To get deeper into this discussion, it is important to understand how the cloud-native workloads and orchestration systems have evolved themselves. Orchestration systems, along with other approaches like service-mesh, etc. are continually advancing to take care of many other application needs beyond the simple placement of the containers on appropriate nodes.
Firstly, they are facilitating a lot more granular implementation of security controls that go beyond simple enforcement on protocol types and ports, and secondly, they are facilitating advanced capabilities to balance and distribute workload sessions. These capabilities are implemented on the server themselves in a highly scaled out and well-managed way enabling end-to-end encryption in many cases. So bringing some of those complexities back into the underlay network is somewhat redundant. To put it more bluntly, the traditional enterprise network controls should get out of the cloud-native way. They can definitely manage the legacy environments in case of a brownfield situation and enforce some base layer security controls, but that’s where they should draw the line.
Now, to discuss the actual needs of cloud-native services, the workloads along with supporting services like Hadoop, AI/ML and distributed storage, etc., ideally want unlimited server-to-server east-west capacity from the network. They also need a quick correlation of the network issues and application issues while diagnosing service impairments.

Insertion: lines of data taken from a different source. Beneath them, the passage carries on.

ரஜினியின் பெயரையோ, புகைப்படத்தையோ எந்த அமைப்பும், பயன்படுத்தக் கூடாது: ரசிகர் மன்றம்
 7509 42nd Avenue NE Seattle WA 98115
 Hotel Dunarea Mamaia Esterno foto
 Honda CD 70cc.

Thus, in order to cater to the needs of cloud-native applications, many modern cloud scale data centers have built dense mesh Layer 3 routed networks using mainly simple and standardized protocols like BGP (Border Gateway Protocol). Typically the platforms used in these networks are based on commoditized chipsets that provide high-bandwidth at very reasonable cost points. Automation focus is placed on producing consistent build standards along with automated isolation of network degradation and remediation. Technology leaders have been guarding these networks against taking on unnecessary complexity to ensure that each domain delivers the right services for the right reasons. Interestingly, building the high-volume interconnect capacity has impacted the networking budget favorably and made the network a lot more robust.
To summarize, the journey to cloud-native infrastructure entails not only decomposing applications into microservices running on containers but also looking at the infrastructure in a holistic way. Entrusting the orchestration systems to manage the granular security and session controls and letting the underlay network provide speeds and feeds could be the winning formulae.